I was glad to have your invitation to come again to this Iowa village where I was born. Here I spent the first ten years of my boyhood. My parents and grandparents came to this village in the covered wagon-pioneers in this community. They lie buried over the hill. They broke the prairie into homes of independent living. They worshipped God; they did their duty to their neighbors. They toiled to bring to their children greater comfort, better education and to open to them wider opportunity than had been their own.

I am proud to have been born in Iowa. Through the eyes of a ten-year-old boy it was a place of adventure and daily discoveries-the wonder of the growing crops, the excitements of the harvest, the journeys to the woods for nuts and hunting, the joys of snowy winters, the comfort of the family fireside, of good food and tender care.
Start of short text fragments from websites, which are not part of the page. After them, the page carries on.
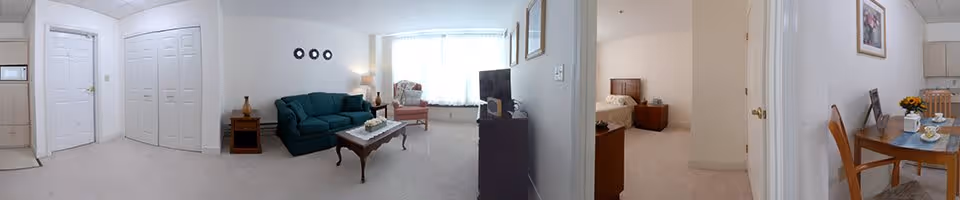 Panoramic view of an assisted living residence interior showing a living room with a green sofa, coffee table, armchair, and TV stand. Adjacent to the living room is a bedroom with a bed and nightstand, and a small dining area with a table and chairs. The walls are light-colored, and the space is well-lit with natural light from a large window.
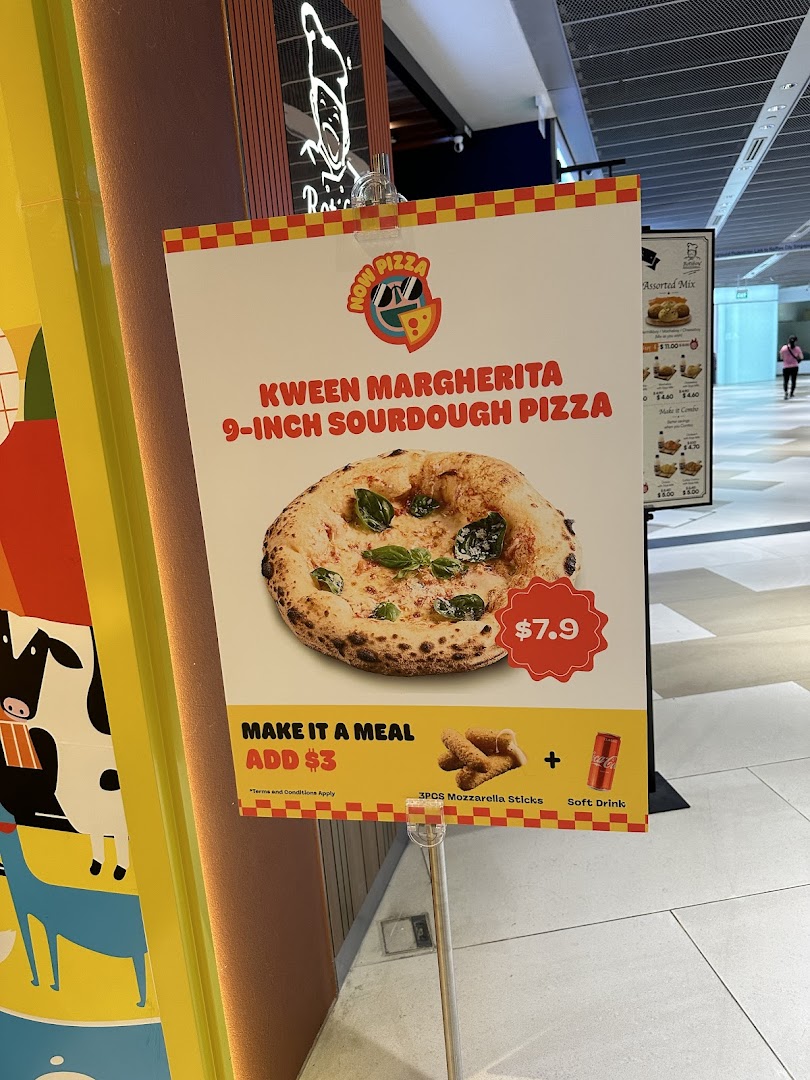 A promotional standee for Now Pizza's Kween Margherita sourdough pizza.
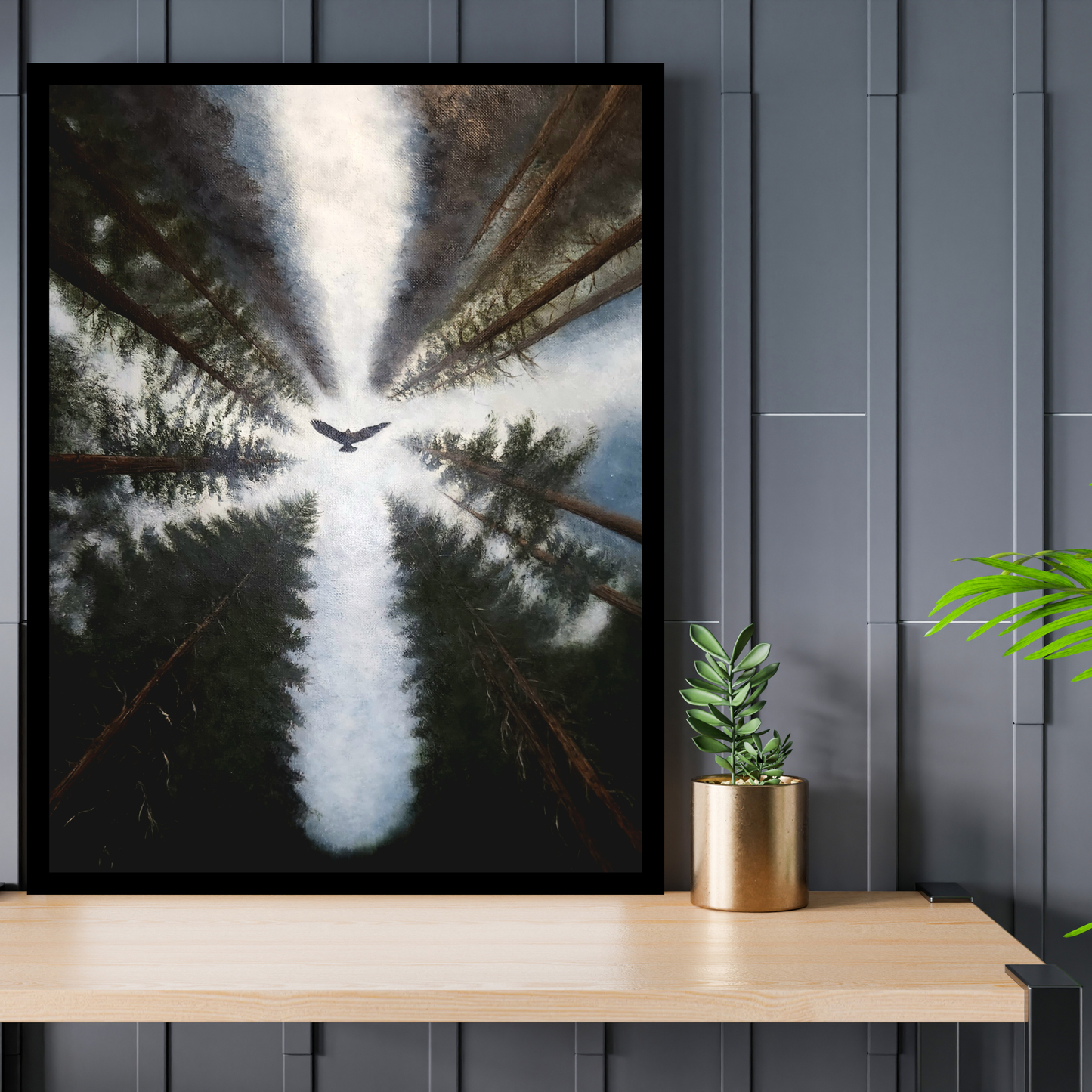 A framed art print depicting an aerial view of a forest with a bird flying toward the center under a bright light, displayed on a light wood shelf next to a potted plant against a dark gray paneled wall.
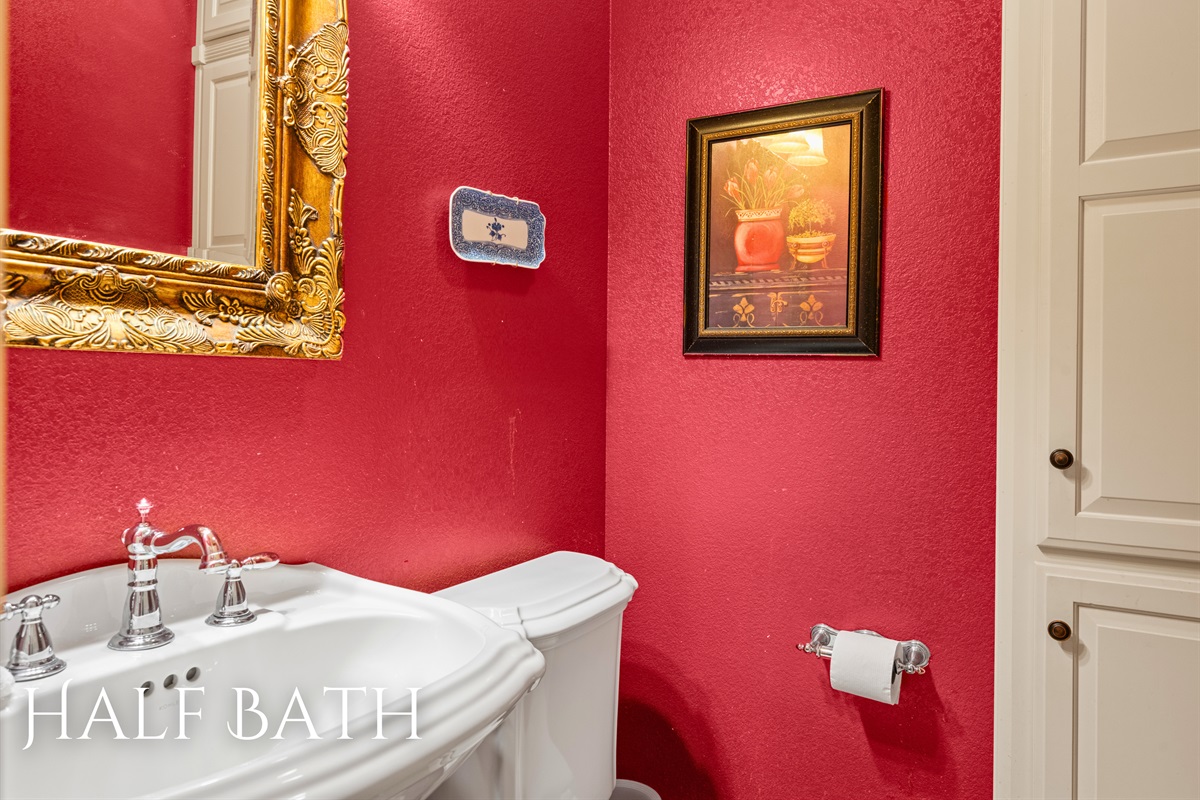 Half bath with bold red walls and classic style.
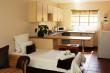 Room 4 extra bed and kitchen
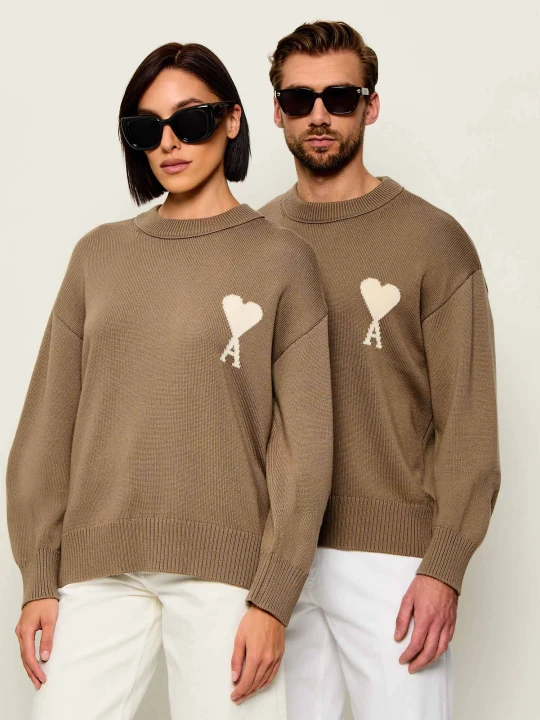 Zdjęcie produktu AMI Paris Wełniany sweter DE COEUR | Regular Fit beżowy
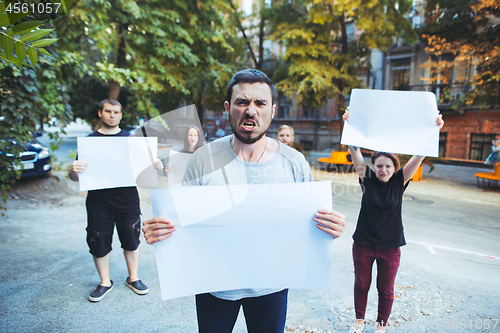 Image of Group of protesting young people outdoors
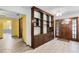 Entryway with built-in shelves and wood floors at 1005 Crescent Pkwy, Deland, FL 32724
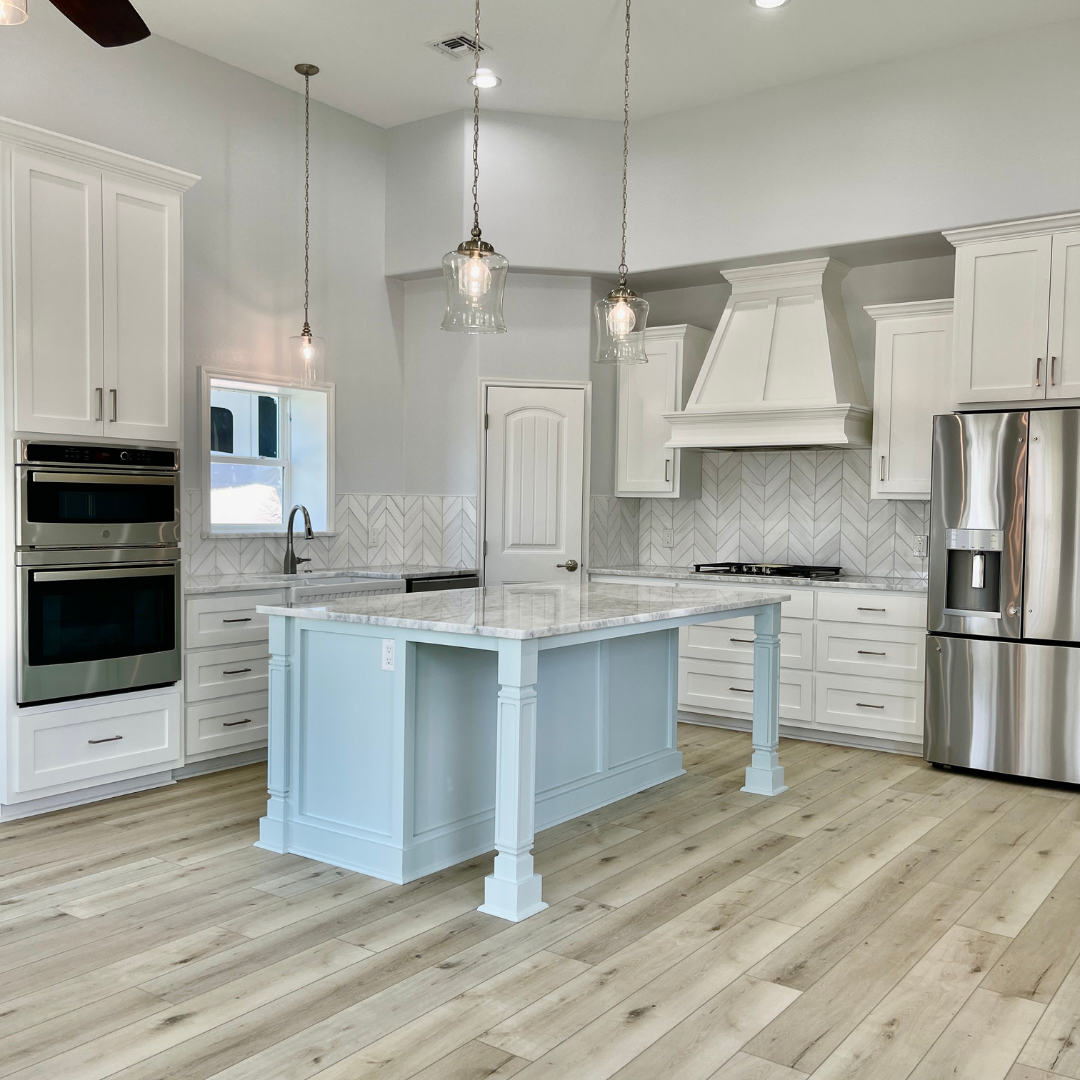 Modern white kitchen with stainless steel appliances, a large island with a marble top, pendant lighting, and light wood flooring.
And out of the excessive energy of all small boys there were evenings filled with accounts of defeat and victory over animate and inanimate things-so far as they were permitted in a Quaker community.

Indelible in those recollections was a widowed Mother, sitting with her needle, cheerfully supporting three children and at the same time ministering to her neighbors. After that came life with Uncle Allan on his farm near this village. With him there was the joy and sorrow which come to every small boy enroute to life’s disciplines by way of farm chores. And among them was the unending making of provisions for the next winter. But in those primitive days, social security was had from the cellar, not from the Federal Government.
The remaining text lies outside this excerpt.